= Peninsula FM =

Radio station in Scotland

Peninsula FM was a radio station founded by and aimed at the people of Helensburgh and the surrounding areas, in Argyll, Scotland.

When it was announced in 1999 that a licence would become available for Helensburgh and the Clyde Peninsula Towns, the then local station for Dumbarton, Castle Rock FM, thought they would automatically be given the rights to broadcast in the new catchment. The people of Helensburgh however, had other ideas. Founded by local businessman Mr. G Reynolds, the station ran for three very successful one-month Restricted Service Licences (RSL) between 1999 and 2001, on 105.4 FM.

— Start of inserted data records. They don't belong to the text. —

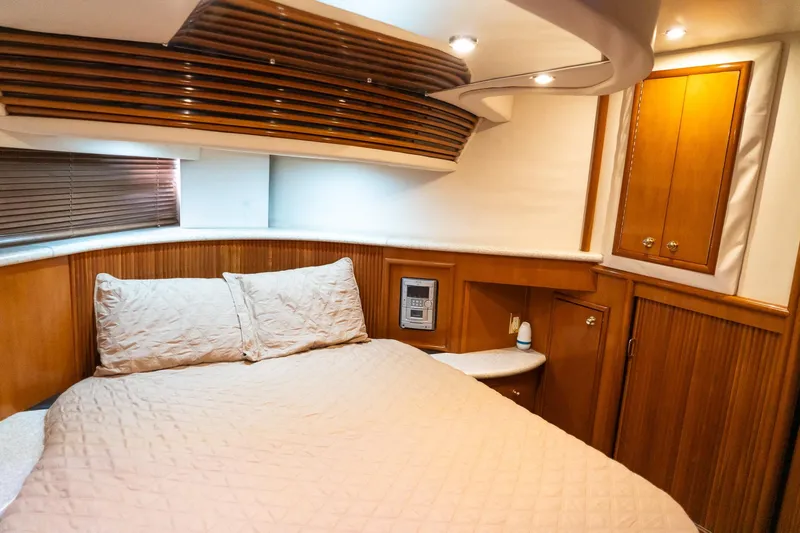 Yacht Photos Pics Luxurious bedroom interior of 2000 Carver 450 Voyager Pilothouse yacht with wood accents.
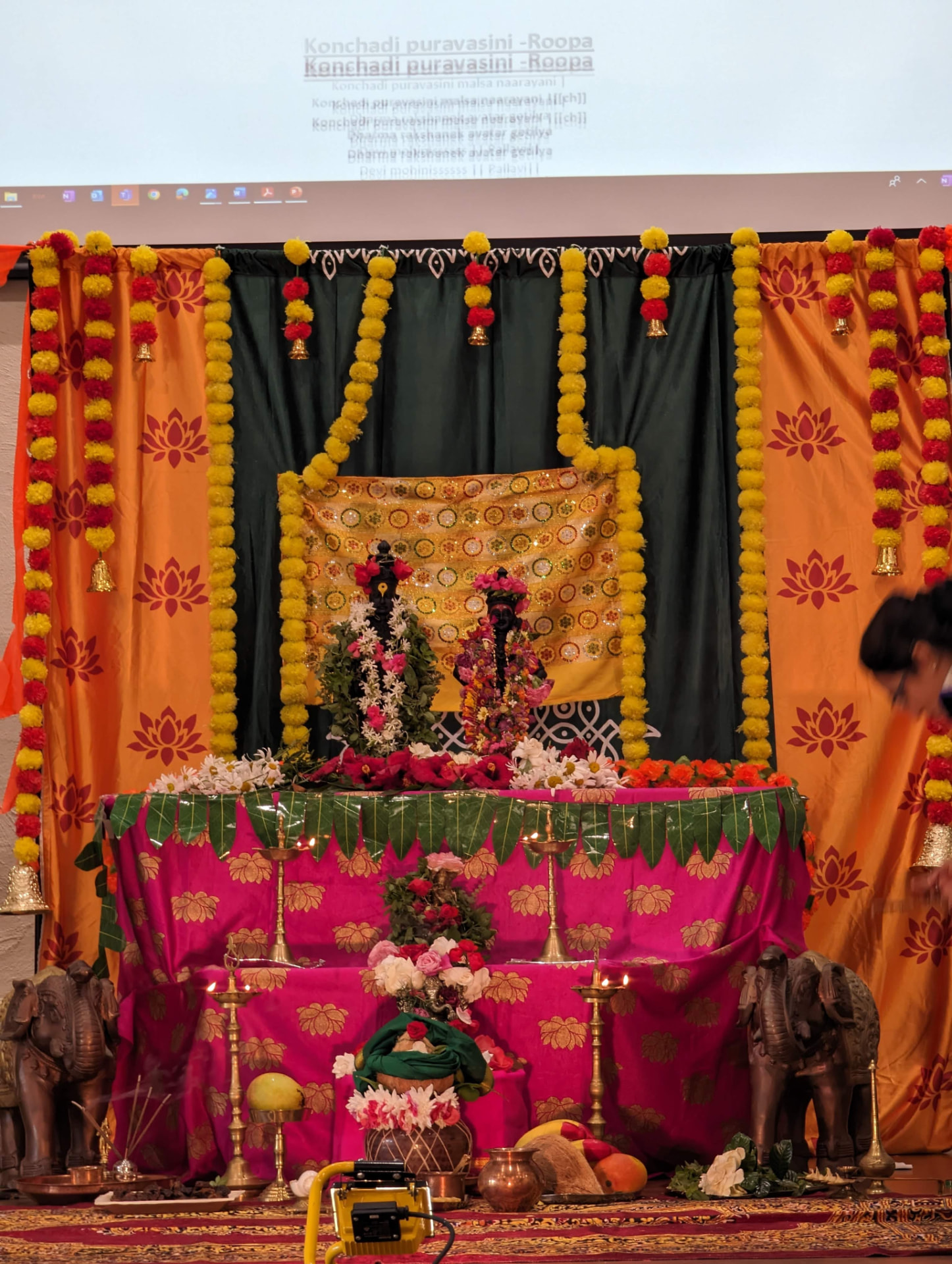 Konkani bhajan lyrics on screen as the sabha begins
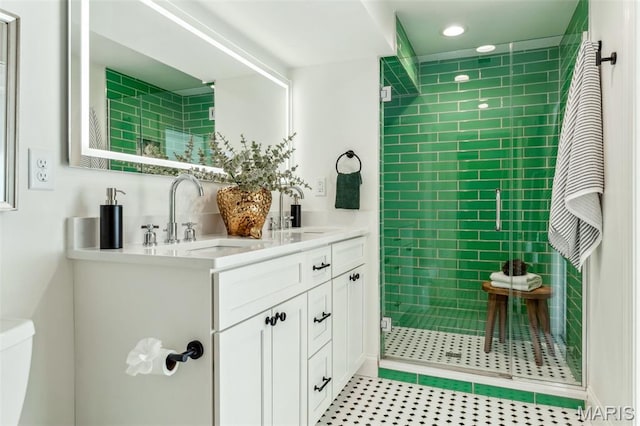 502 Briar Ridge Ln, Saint Louis, MO 63131 - full bath featuring a stall shower, double vanity, recessed lighting, toilet, and tile patterned flooring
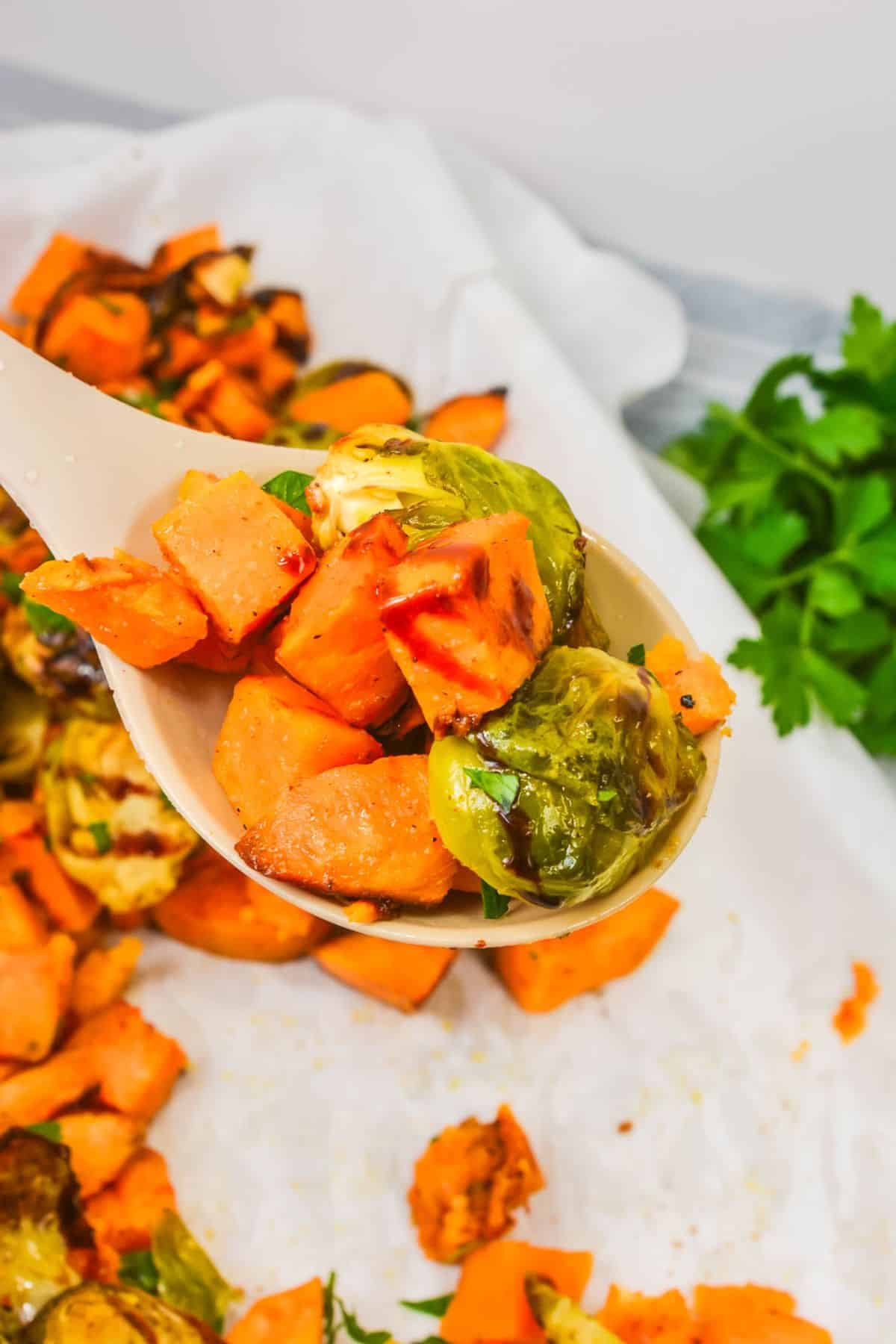 A serving spoon holds roasted Brussels sprouts and sweet potato cubes above a baking sheet lined with parchment paper. Fresh parsley is visible in the background, highlighting this colorful medley of roasted vegetables.
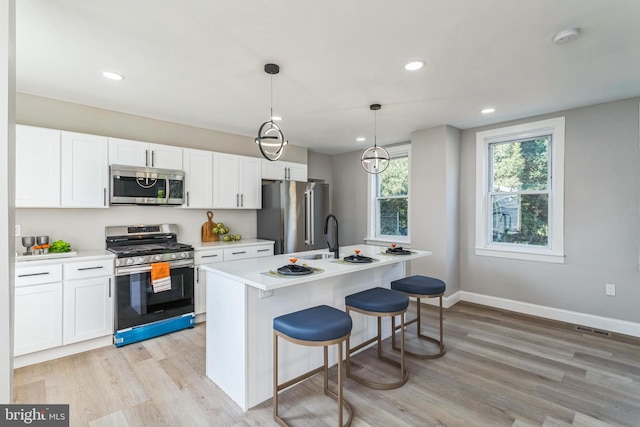 kitchen with stainless steel appliances, white cabinetry, decorative light fixtures, and a kitchen island with sink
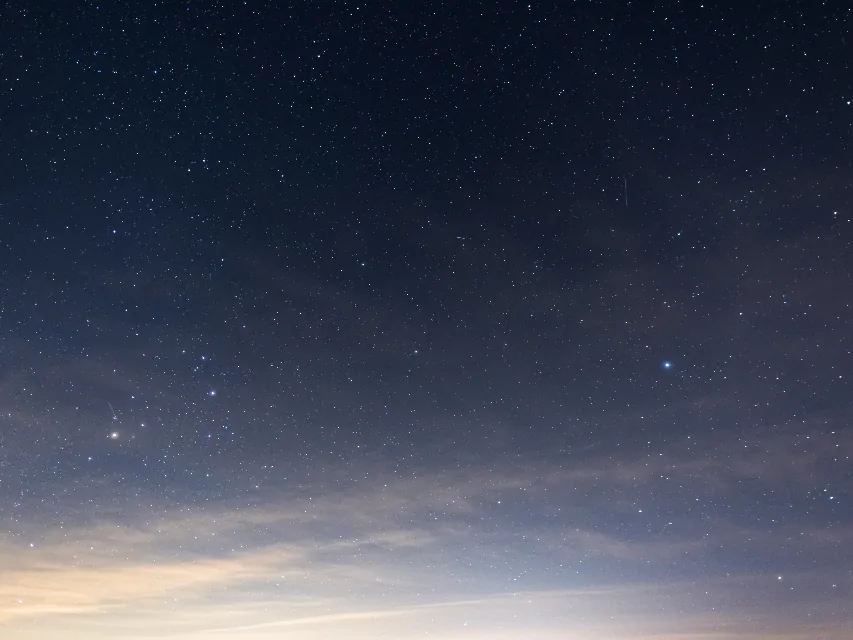 Ciel étoilé au-dessus d'un horizon encore clair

The idea of the radio station was to offer a service that aimed to inform and entertain, focusing on 'connecting the community'; broadcasting from the heart of Helensburgh with maximum use of live interviews, with a mix of music and chat, and live sports coverage relevant to Helensburgh, Rhu, Garelochhead and the Rosneath peninsula villages of Kilcreggan, Cove and Clynder. Some of the highlights from the station include an exclusive interview with Murdo MacLeod from Celtic Football Club, and live broadcasts from the Rhu and Cardross Gala days. The support Peninsula FM gave to the Rhu Gala day was so successful in fact; they still provide the PA and music for the event to this day, albeit not live on air.

On 12 June 2003, Ofcom, the UK radio authority, granted the new licence to the Dumbarton station rather than Peninsula FM.